▸ EXERCISE PROMPT
Please repeat every record exactly, leaving out any pictures.

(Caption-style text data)
==*==

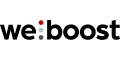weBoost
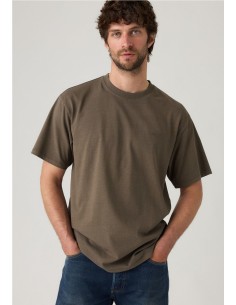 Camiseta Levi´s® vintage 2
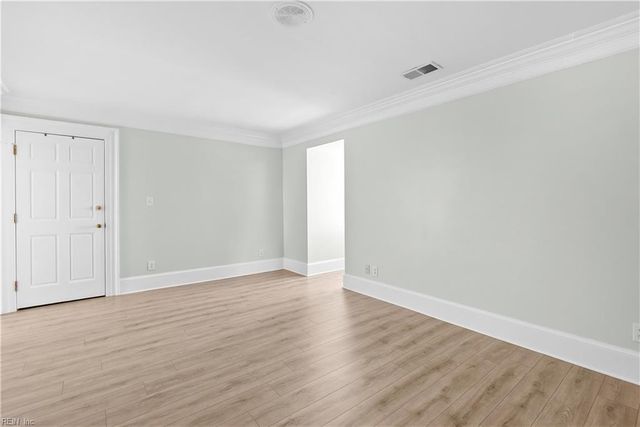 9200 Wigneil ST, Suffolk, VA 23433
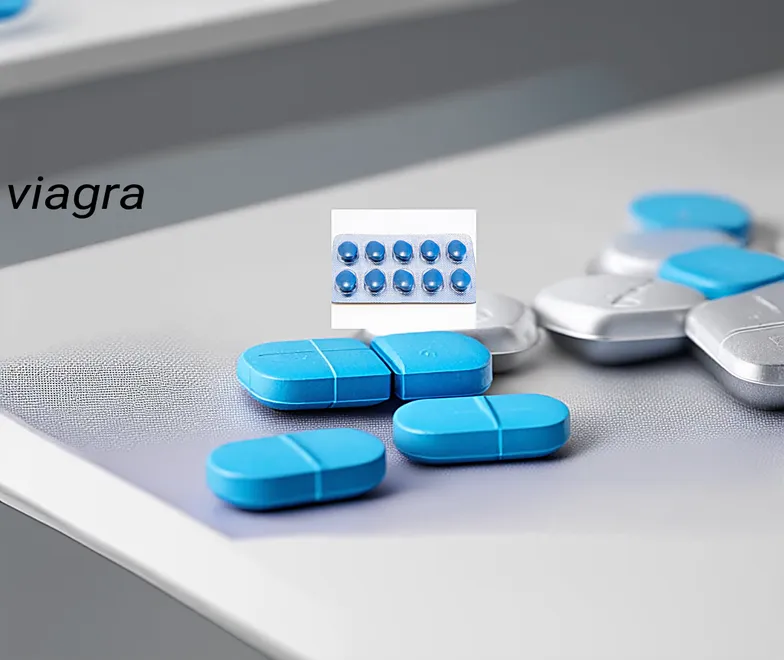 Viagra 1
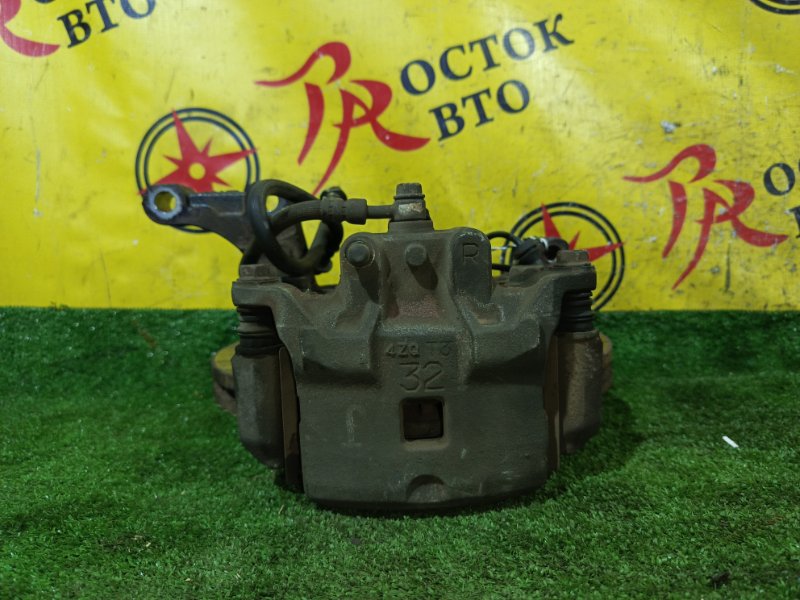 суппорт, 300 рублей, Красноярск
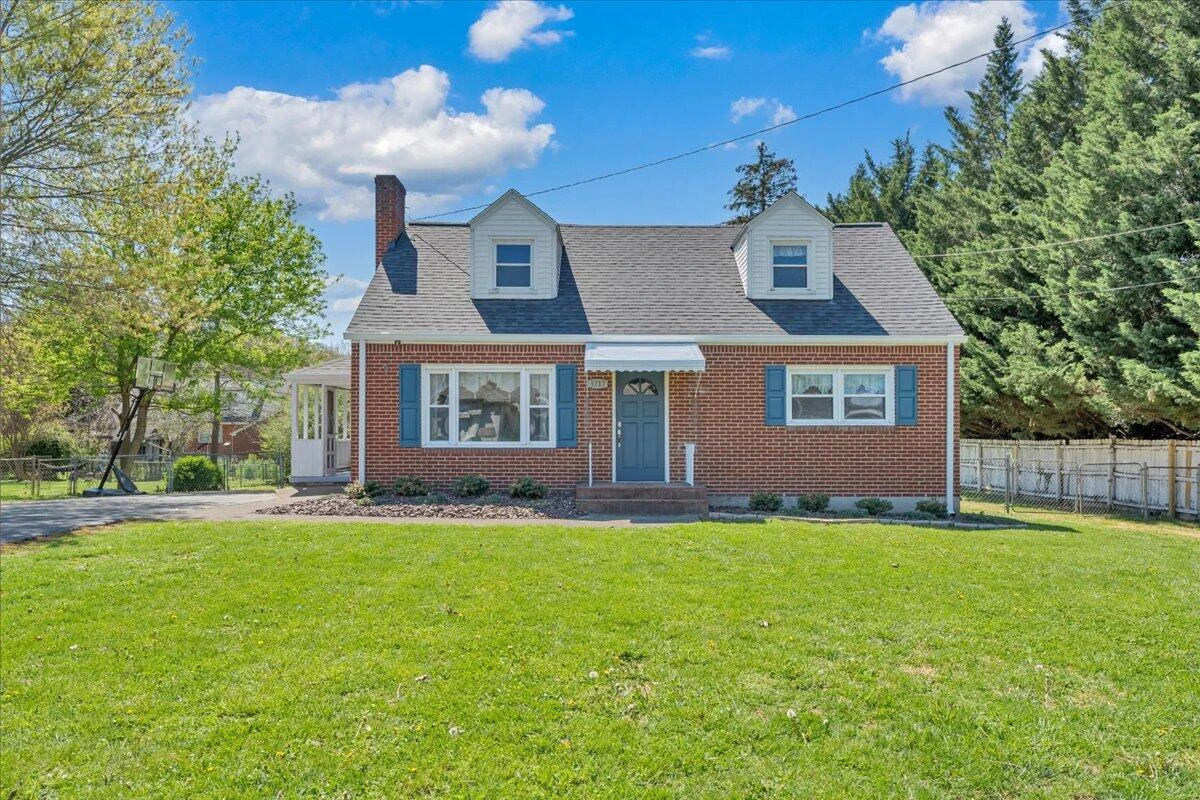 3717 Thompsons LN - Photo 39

==*==

▸ WORKED SOLUTION
weBoost
 Camiseta Levi´s® vintage 2
 9200 Wigneil ST, Suffolk, VA 23433
 Viagra 1
 суппорт, 300 рублей, Красноярск
 3717 Thompsons LN - Photo 39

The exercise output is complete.